The result is work that is technically and conceptually slick, though rather more flippant than its forerunner. If Levine hints at what critic Harold Bloom has called the exhaustion of being a “latecomer”--one who arrives on the scene once everything seems to have been said and done--Neidich makes this exhaustion explicit.

A group of archival photographs of Surrealists, Italian Futurists, Andy Warhol and the Factory retinue are presented salon-style. One dark-haired mustachioed fellow pops up in every picture, transcending time, space and, presumably, artistic style. This figure is the very slippery, very determined Neidich.

Assisted by a simple computer program, he gleefully deletes Richard Pousette-Dart from Nina Leen’s 1951 photograph of “The Irascibles” and substitutes himself. He erases an unidentified member of the Bauhaus so he can hang out with Walter Gropius and Paul Klee. With tongue-in-cheek precision (and a serious debt to Woody Allen’s Zelig), Neidich enacts the romance of trespass. He enters the sacred realm of creativity, while paying only cut-rate dues.

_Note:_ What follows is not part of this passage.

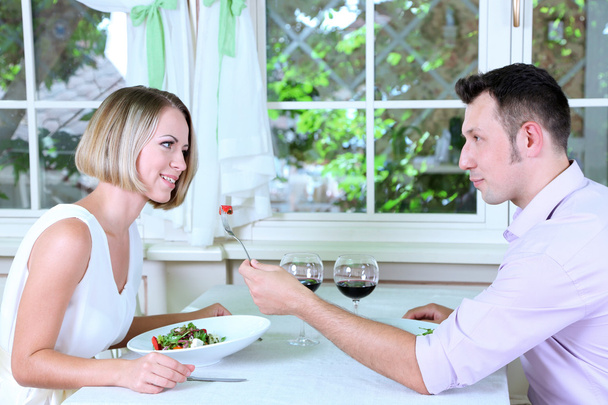 Beautiful couple having romantic dinner at restaurant - Foto, Bild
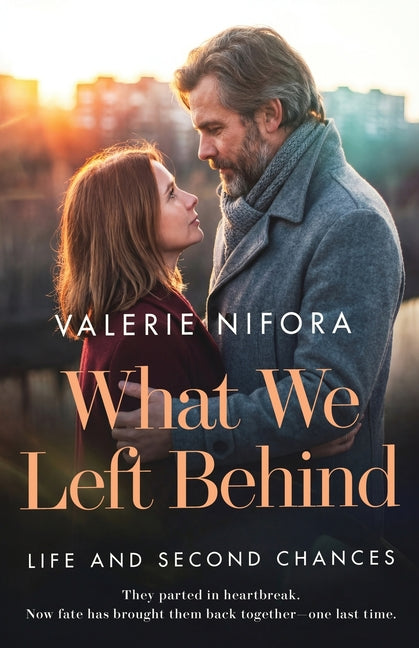 Paperback copy of "What We Left Behind" by Author Academy Elite, featuring the book's cover with title and design elements.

Moss moves in the opposite direction, taking familiar images from the history of photography and removing certain elements entirely. This is not so much to rob the images of their meanings, but to reveal meanings that have long been obscured. What makes this endeavor resonant is that Moss begins with images whose veracity is already questionable.

The protagonist is eliminated from a 1936 Robert Capa photograph, “Death of Loyalist Soldier,” leaving behind nothing but a barren landscape. According to the story, Capa asked the soldier if he could take his picture, only to record the latter being shot by a sniper while posing.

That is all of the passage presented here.